▶ PROMPT:
Give again the lines from the line with "full palm holding" to the last line of the records, exactly and in full. Do not carry over any pictures.

▶ SOURCE MATERIAL:
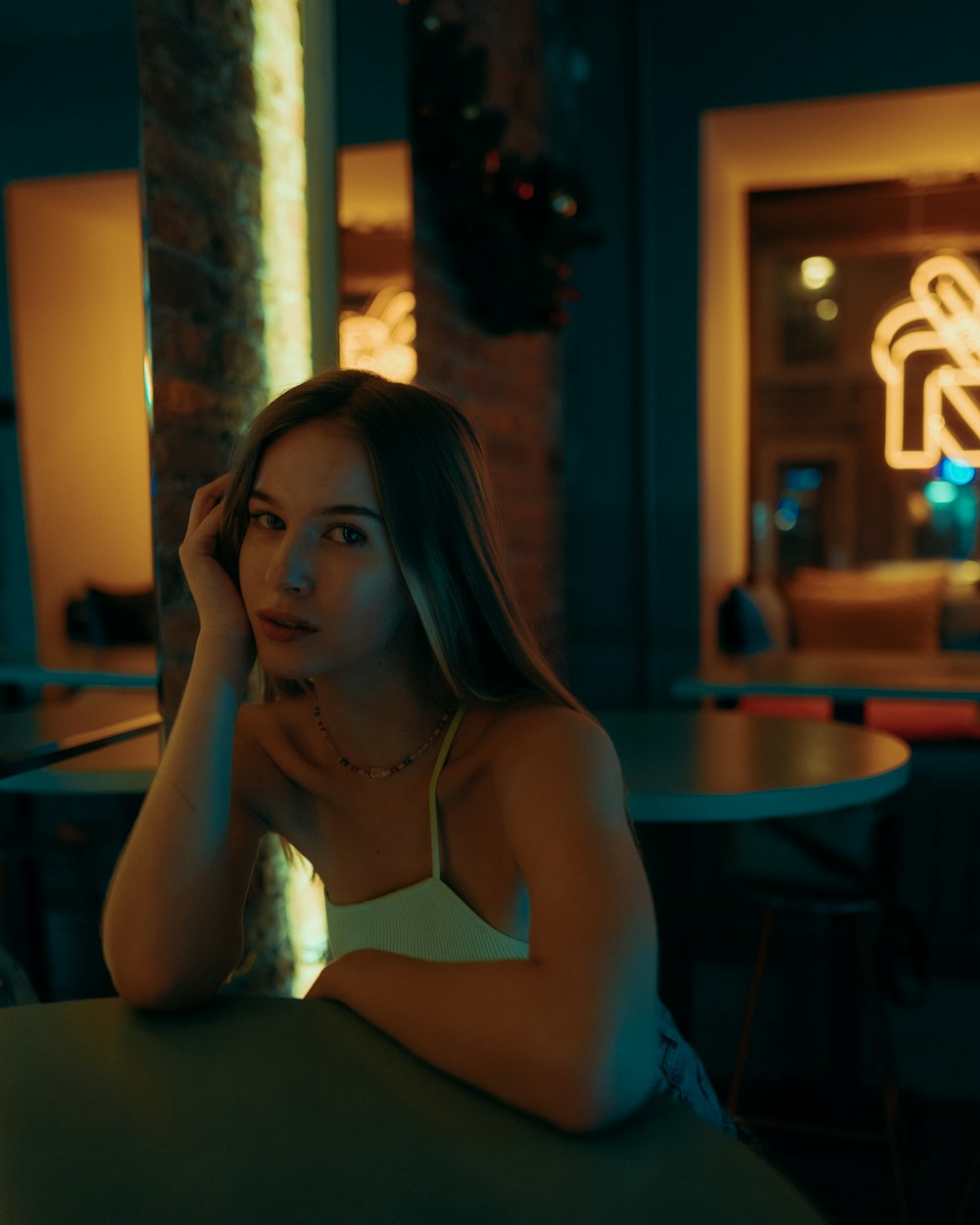 a woman sitting at a table in a restaurant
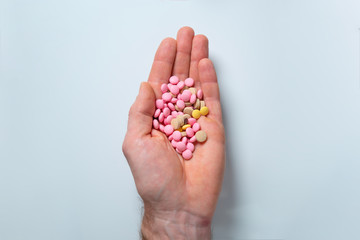 full palm holding out multi-colored, close-up, pills on white background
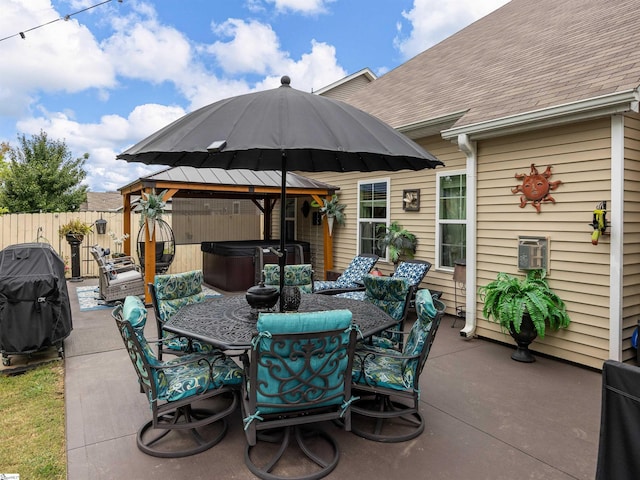 view of patio with area for grilling and a hot tub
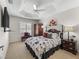 Bedroom featuring tray ceilings and a charming four-poster bed with stylish accents at 3172 Amberly Ct, The Villages, FL 32163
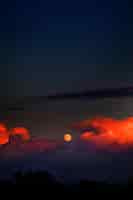 Foto gratuita disparo vertical de la luna y las nubes de fuego en el cielo oscuro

▶ EXERCISE OUTPUT:
 full palm holding out multi-colored, close-up, pills on white background
 view of patio with area for grilling and a hot tub
 Bedroom featuring tray ceilings and a charming four-poster bed with stylish accents at 3172 Amberly Ct, The Villages, FL 32163
 Foto gratuita disparo vertical de la luna y las nubes de fuego en el cielo oscuro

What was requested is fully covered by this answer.